Do not set config.json to float8_e4m3fn. Transformers may try to use FP8 as PyTorch's global default dtype, which fails. Keep config dtype as bfloat16; this node detects FP8 from the safetensors tensors themselves.
The loader exposes the normal FP8 options only.

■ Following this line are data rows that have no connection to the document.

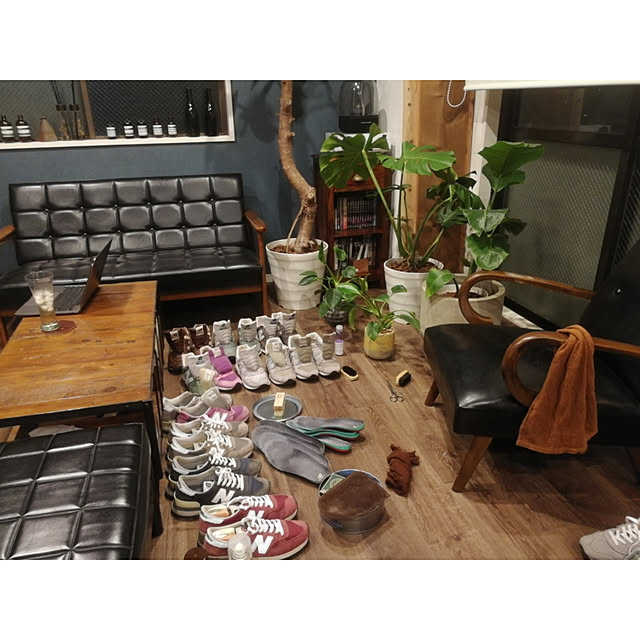 ItakuraKoichiさんの実例写真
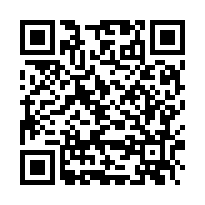 三角窗農地|都內農地|88旁倉庫農地 劉姐-QR CODE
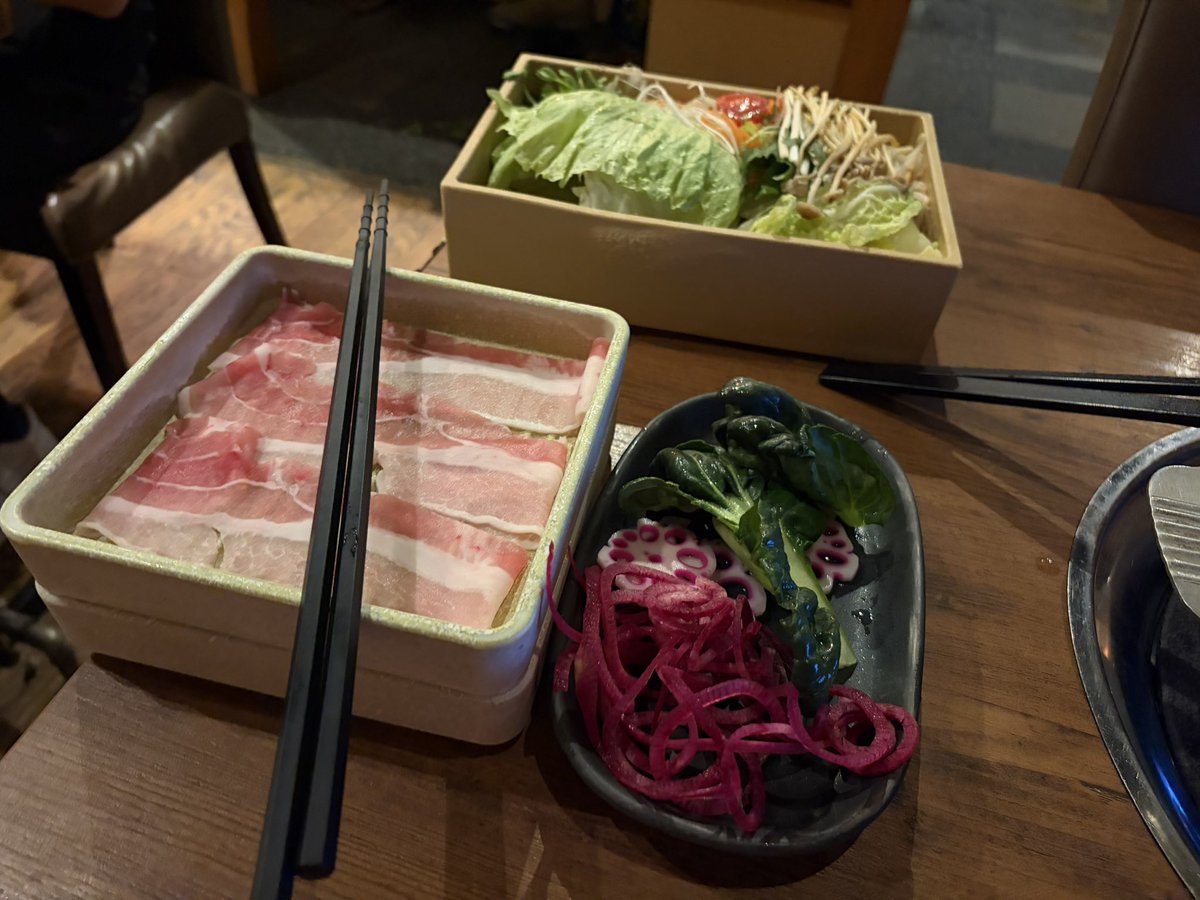 みこたん！3/14イチカフェ！！ (@mi07ko17) / Posts / X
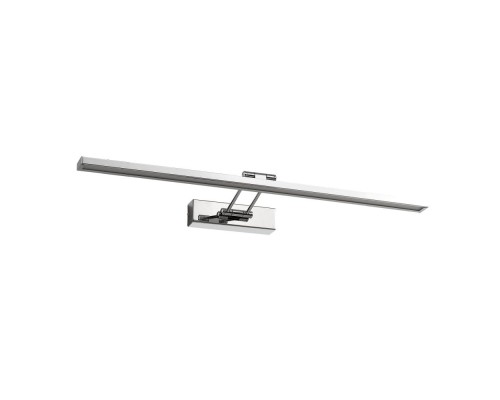Светильник настенный Parallela SL445.111.01 ST Luce Светильник настенный Parallela SL445.111.01 ST Luce
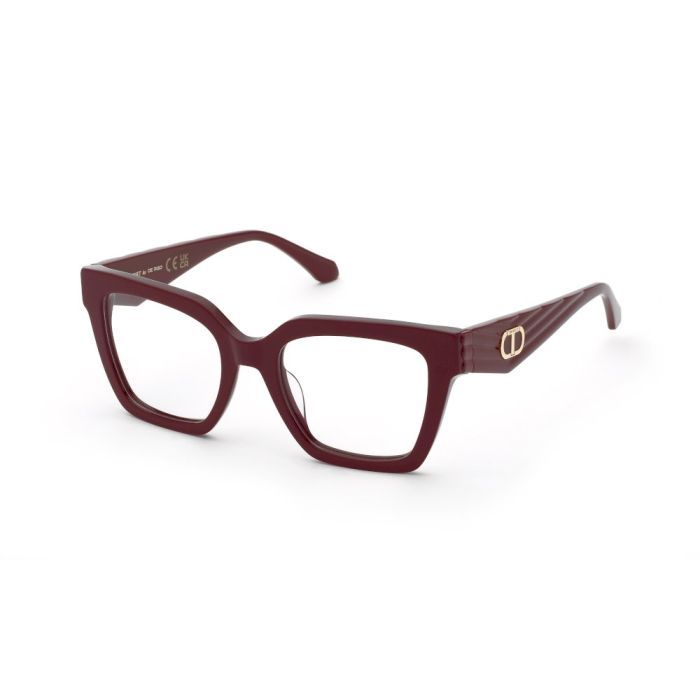 TWINSET VTW089 08LA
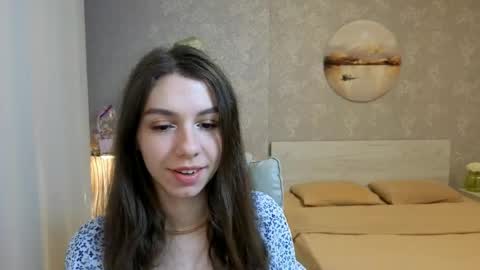 Kelly online show from 05-02-26, 05:07
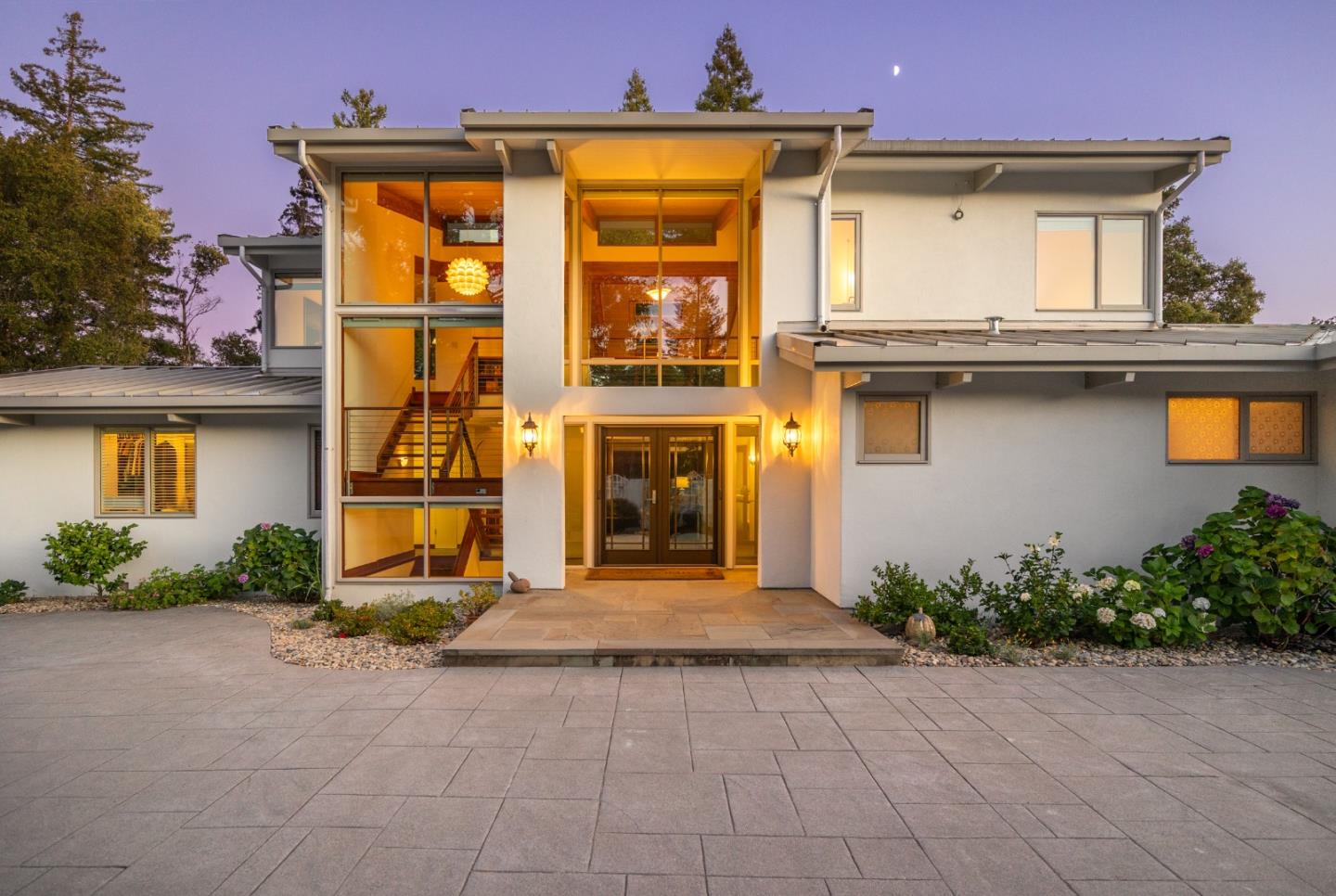340 Twilight Lane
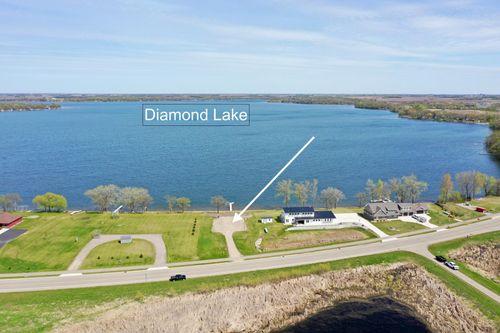 TBD County Road 4 Ne, Kandiyohi, MN, 56251 | Card Image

The sampler automatically picks the scheduler based on model type:
| Model type | Scheduler | Notes |
|---|---|---|
Full (auto) |
FlowUniPCMultistepScheduler |
Higher-order solver, generates more detail |
| Dev text / subject | FlashFlowMatchEulerDiscreteScheduler |
Custom Euler with built-in noise scaling, tuned for fewer steps |
| Dev edit with one reference | FlowMatchEulerDiscreteScheduler by default |
Matches the May 13, 2026 upstream Dev editing scheduler update; flash is still selectable |
When model_type is auto, the folder name is checked for dev — if not found, the full model path is used with UniPC.

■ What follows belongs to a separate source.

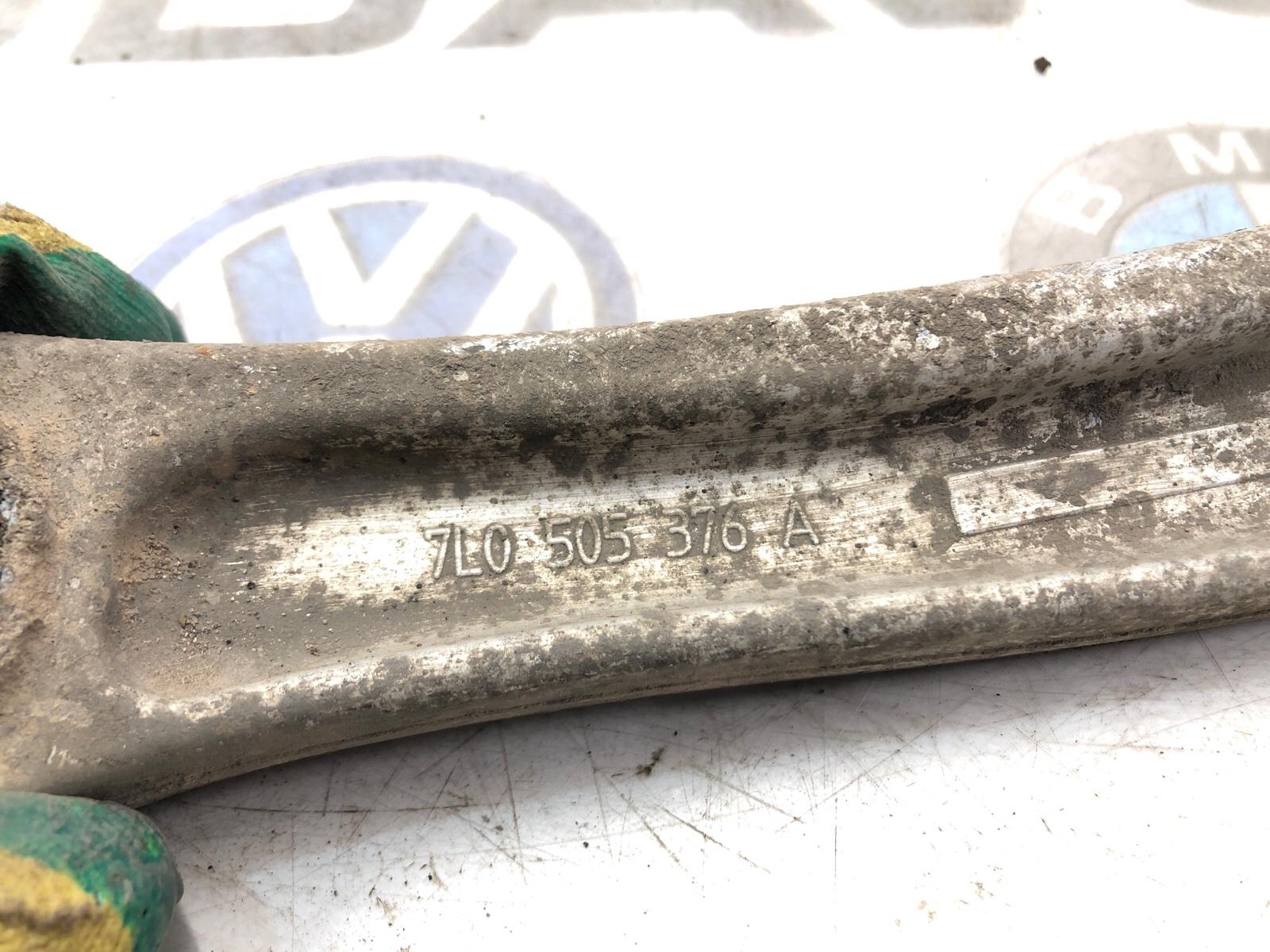 рычаг подвески, 1000 рублей, Москва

Dev follows the upstream recipe: fixed 28-step timetable, guidance 0.0, shift 1.0, and noise defaults 7.5 / 7.5 / 2.5 when using flash. If dev images look noisy, oddly colored, or washed out near the last few steps, reset noise_scale_start, noise_scale_end, and noise_clip_std to those defaults, use the flash or auto attention backend, and pin the output to one of the internal supported resolutions: 2048x2048, 2304x1728, 1728x2304, 2560x1440, 1440x2560, 2496x1664, 1664x2496, 3104x1312, 1312x3104, 2304x1792, or 1792x2304. Upstream recommends the Full model for editing tasks.
| Option | Description |
|---|---|
auto |
Uses FlashAttention when available, otherwise SDPA |
flash |
Requires FlashAttention [Optimal] |
sage |
Requires the sageattention package [Not Optimal] |
sdpa |
Uses PyTorch scaled dot-product attention |
- Demo: HiDream-O1-Image
- Dev 2604 BF16 model: drbaph/HiDream-O1-Image-Dev-2604-BF16
- Dev 2604 FP16 model: drbaph/HiDream-O1-Image-Dev-2604-FP16
- Dev 2604 FP8 model: drbaph/HiDream-O1-Image-Dev-2604-FP8
- BF16 model: drbaph/HiDream-O1-Image-BF16
- FP16 model: drbaph/HiDream-O1-Image-FP16
- FP8 model: drbaph/HiDream-O1-Image-FP8
- Dev BF16 model: drbaph/HiDream-O1-Image-Dev-BF16
- Dev FP16 model: drbaph/HiDream-O1-Image-Dev-FP16
- Dev FP8 model: drbaph/HiDream-O1-Image-Dev-FP8
- Upstream project: HiDream-ai/HiDream-O1-Image
- Node repository: Saganaki22/HiDream_O1-ComfyUI
This custom node is released under the MIT License. The HiDream O1 model has its own license and usage terms; check the upstream Hugging Face model page before redistribution or commercial use.